Verizon CTO: 'We told you so' about FiOS

Verizon CTO Dick Lynch has a simple message to anyone who doubted his company's wisdom in building out a fiber-to-the-home (FTTH) network: We were right, you were wrong. Lynch put particular emphasis on chiding skeptical analysts and rival companies that tried to cast doubt upon Verizon's fiber plans. "In an attempt to maintain the status quo, our competitors did their best to create customer confusion around fiber-optic services," he said. "They claimed that their networks had been fiber for a decade, and they distributed misleading messages about the quality of FiOS. Their communications strategy was to create confusion and apathy and some people fell for it." Slideshow: Ma Bell's 25-year oddysey   Specifically, Lynch singled out a "potential customer" that told The Washington Post a few years back that "there's nothing on the Internet that requires that kind of bandwidth." Now, with the rise of YouTube, Facebook and other bandwidth-intensive Web applications, Lynch said that Verizon is having the last laugh. "With the exception of our competitors, everyone secretly hoped we would succeed," he said. "The industry experts would publicly say, 'Verizon is spending too much' or 'consumers don't need fiber.' But then they'd turn around and call us to find out how soon FiOS would be coming to their neighborhood." Verizon's FiOS services offer customers peak download speeds of 50Mbps and peak upload speeds of 20Mbps.
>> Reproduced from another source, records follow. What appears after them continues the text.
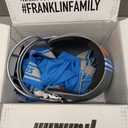 Franklin Sports NFL Youth Football Uniform Set for Boys & Girls - Includes Helmet, Jersey & Pants with Chinstrap + Numbers (Large)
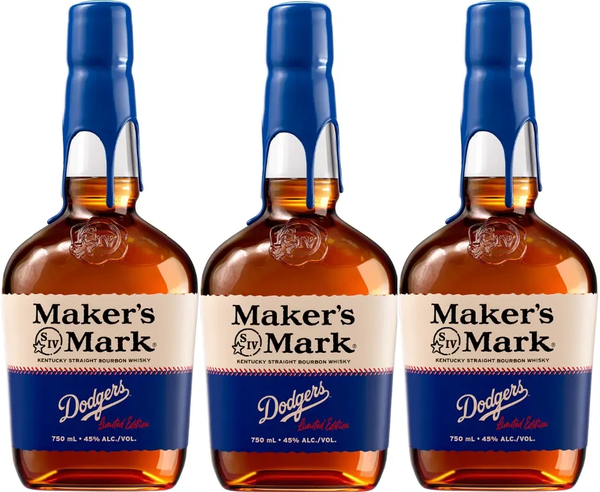 Buy Maker's Mark Dodgers 2026 Limited Edition online at sudsandspirits.com and have it shipped to your door nationwide.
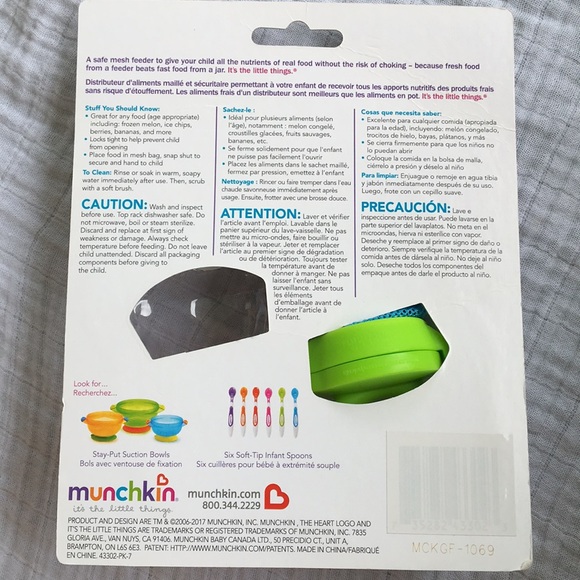 Munchkin Mesh Feeder - Picture 3 of 6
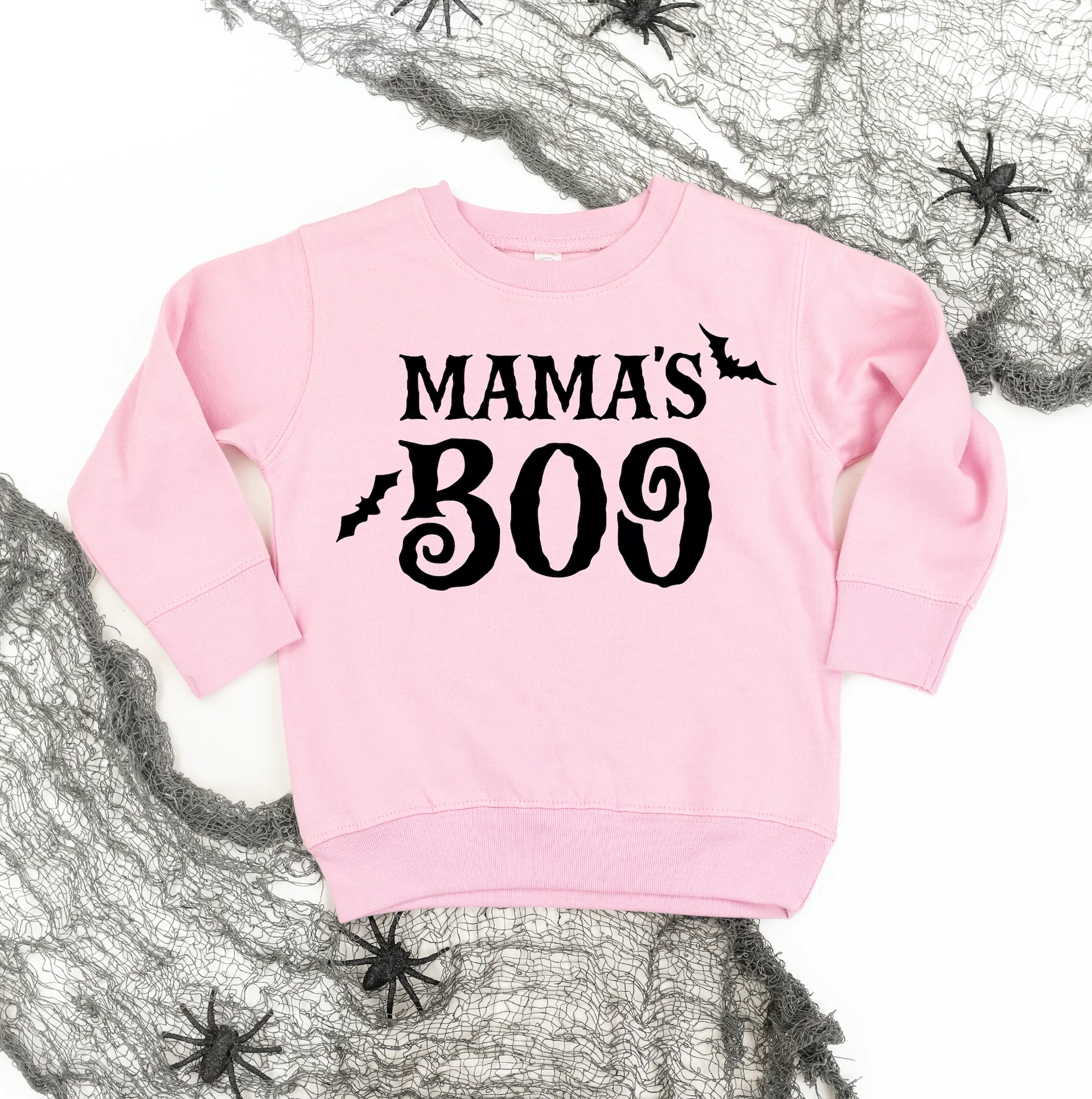 Mama's Boo (Bats) - Child Sweater - Image 4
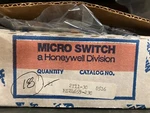2TL1-3G Honeywell Microswitch, Dpdt, 15A/125V, On-on. Fixed Price $47.25.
Speaking at the FTTH Conference and Expo in Houston Tuesday, Lynch crowed about his company bringing FiOS Internet services to an estimated 3.1 million subscribers in the United States. Cable companies this year have begun ramping up their tests for faster services to compete with FiOS, as Comcast and Cablevision have started rolling out new Internet services based on the DOCSIS 3.0 standard that will offer businesses potential peak download speeds of 100Mbps.

Verizon has said in the past that it is trialing 100Mbps FiOS technology, although the company has given no timeline for when that technology might hit the market.